L’Europa rurale scomparirà e la produzione alimentare sarà concentrata nelle mani di poche aziende tecnologiche. Oggi il bestiame rappresenta una componente chiave dell’Europa rurale, presente in quasi tutte le regioni del continente in un’ampia diversità di sistemi di produzione a seconda dei contesti economici, geografici e sociologici locali. Il settore zootecnico contribuisce profondamente all’economia europea, con 168 miliardi di euro all’anno (il 45% del totale agricolo) e con circa 30 milioni di lavoratori occupati nel settore. Senza bestiame, l’esodo rurale accelererà, aumentando la pressione demografica sulle città e alimentando un maggiore distaccamento con la natura. Inoltre, la carne sintetica non sarà il risultato di un sistema open source: il cibo sintetico sarà altamente ingegnerizzato, ultra-elaborato e sviluppato attraverso brevetti. È quindi certo che a la società “100% carne sintetica” sarebbe una società in cui la produzione sarebbe altamente concentrata nelle mani di pochi. Se la filantropia persegue l’obiettivo di una società senza allevamento, quindi, deve anche condividere brevetti e tecnologie con tutti, soprattutto con i paesi in via di sviluppo.

L’impatto di CO2 della nostra alimentazione non vedrà la sostanziale diminuzione promessa dal mondo produttivo della carne sintetica.
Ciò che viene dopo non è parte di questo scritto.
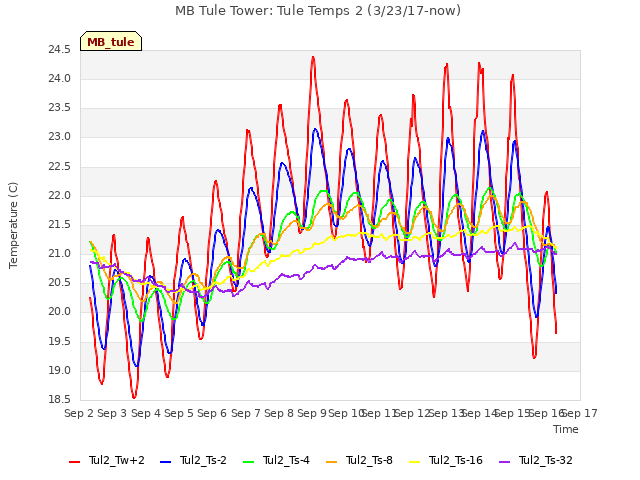 plot of MB Tule Tower: Tule Temps 2 (3/23/17-now)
Dal punto di vista del cambiamento climatico, un mondo senza allevamenti, probabilmente, non sarebbe il mondo a cui miriamo. Senza ruminanti, il mantenimento del nostro prato da pascolo e dei paesaggi diventerebbe estremamente difficile in Europa. Il bestiame regola i cicli ecologici, chiude il ciclo dei nutrienti e migliora la fertilità del suolo. Nelle aree miste, sia colturali che zootecniche, le rotazioni delle colture hanno la funzione di recidere il ciclo di parassiti, consentendo agli agricoltori di ridurre l’uso di pesticidi. Inoltre, c’è stata scarsa valutazione empirica delle emissioni di CO2 proprie della carne sintetica, che potrebbe non essere positiva come previsto. Le domande da porsi sono: da dove proviene il siero per produrre tessuti coltivati? Quanta energia è necessaria per far crescere quei tessuti? Quali antibiotici, fungicidi e ormoni sono necessari per controllare la produzione?

In sintesi, se si vuole davvero fare la differenza in termini di impatto ambientale nella produzione delle proteine ​​della carne, bisogna investire sempre di più in allevamenti innovativi e tecnologicamente avanzati. Il settore zootecnico europeo da sempre si impegna a innovare ulteriormente le proprie filiere per ridurre l’impatto ambientale. La grande capacità del settore zootecnico di ridurre le emissioni e mitigare gli effetti sul clima basta a sminuire qualsiasi alternativa ai prodotti di origine animale.